Unusual observations of distant galaxies are prompting cosmologists to reconsider established theories about the universe, including the existence of dark matter. A study published on June 20 in *The Astrophysical Journal Letters* suggests that these observations might challenge the current understanding of dark matter.

Richard Brent Tully, an astronomer at the University of Hawaii at Manoa, who was not involved in the study, notes that the findings “raise questions of an extraordinarily fundamental nature.”

The concept of dark matter emerged from observations of the rotation speeds of stars and other visible material at the edges of galaxies. According to existing theories of gravity, these speeds are higher than expected based on the visible mass alone, implying the presence of an unseen mass—dark matter—exerting additional gravitational influence.

The new study explores this by examining gravitational lensing, a phenomenon where massive objects like galaxies warp the fabric of space-time, bending and distorting light from more distant galaxies.
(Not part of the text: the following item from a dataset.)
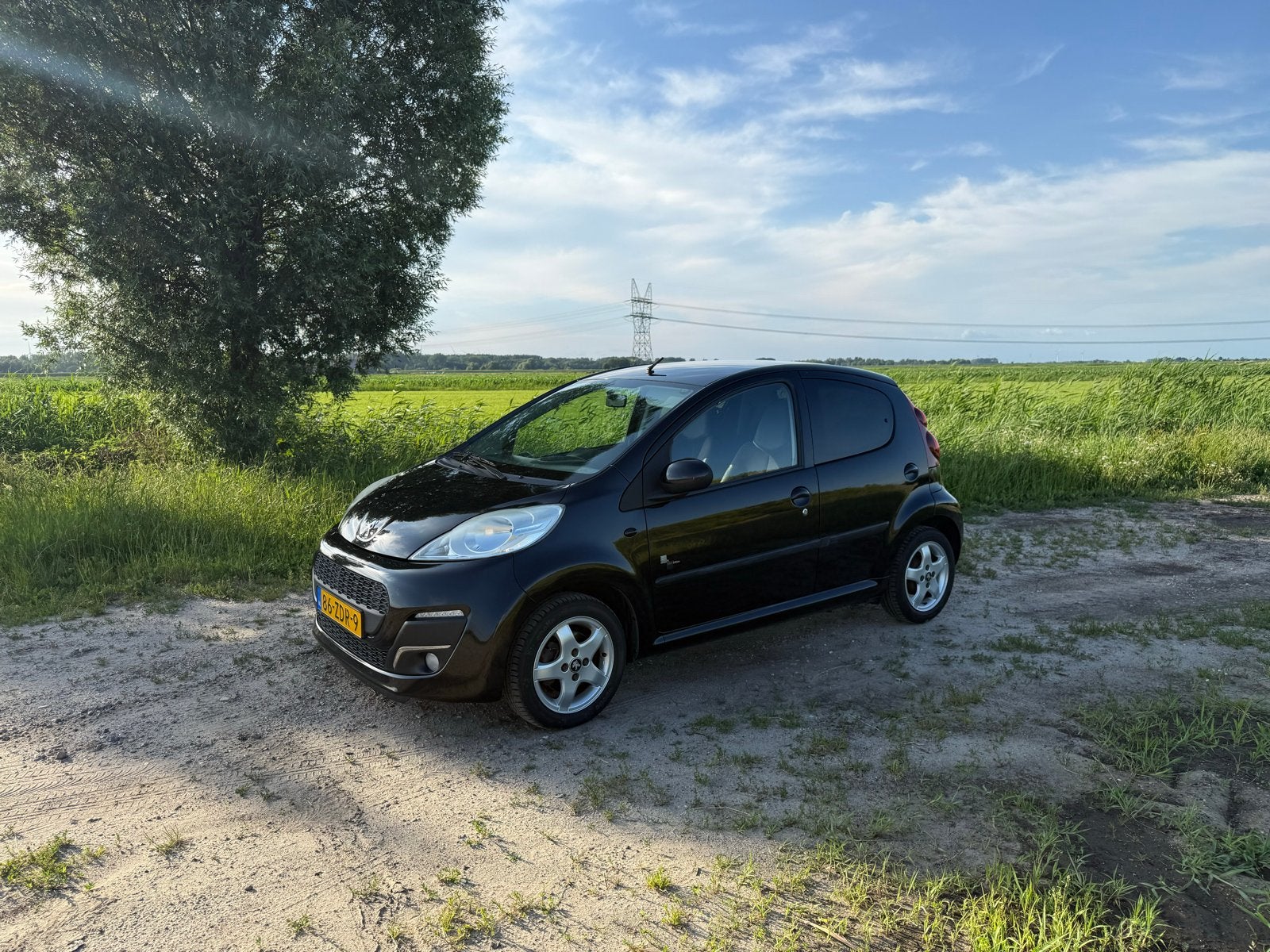Peugeot 107 1.0 12V 5DR 2012 Zwart, Voorwielaandrijving, Zwart, 4 stoelen, Origineel Nederlands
To investigate this, astronomer Tobias Mistele from Case Western Reserve University and his team analyzed images from the VLT Survey Telescope at the European Southern Observatory. They searched for signs of gravitational lensing in a catalog of approximately 130,000 galaxies, looking for distortions in light that could indicate the presence of dark matter.
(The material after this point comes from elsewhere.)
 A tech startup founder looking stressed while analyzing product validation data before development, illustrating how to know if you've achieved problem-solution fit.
The findings could prompt a re-evaluation of how dark matter is understood or challenge its existence altogether.

The amount of gravitational lensing observed around galaxies is used as a proxy to estimate their masses, including both visible matter and the presumed larger amounts of dark matter surrounding them. The team analyzed this lensing data to determine the mass distribution at various distances from each galaxy’s center and to infer the orbital speeds of stars at those distances.

According to the prevailing cosmological model, Lambda CDM, dark matter is thought to clump into large halos around galaxies. These halos are believed to extend at least 300,000 light-years from a galaxy’s center, and beyond this range, the rotational speeds of stars should decrease.

However, using their gravitational lensing data, Mistele and his team found that stars located up to 3 billion light-years from a galaxy’s center appear to rotate much faster than expected, given both the visible and inferred dark matter. This suggests that either there is more dark matter than previously thought or that alternative theories might be needed.

One such alternative is modified Newtonian dynamics (MOND), which proposes that gravity behaves differently at the galactic scale, eliminating the need for dark matter. This theory, supported by Mistele’s coauthor Stacy McGaugh, aligns with some of the observations made in this study.

Despite these challenges, Lambda CDM remains a robust model. Bhuvnesh Jain, a cosmologist at the University of Pennsylvania, argues that the extensive evidence supporting dark matter makes it premature to discard it entirely. He suggests that more advanced theoretical models, possibly inspired by higher-dimensional theories such as string theory, might reconcile current observations with the role of dark matter.

Future data from the European Space Agency’s Euclid satellite, which launched last year, is expected to provide more detailed gravitational lensing measurements. This could help clarify the ongoing debate and refine our understanding of dark matter and galactic structure.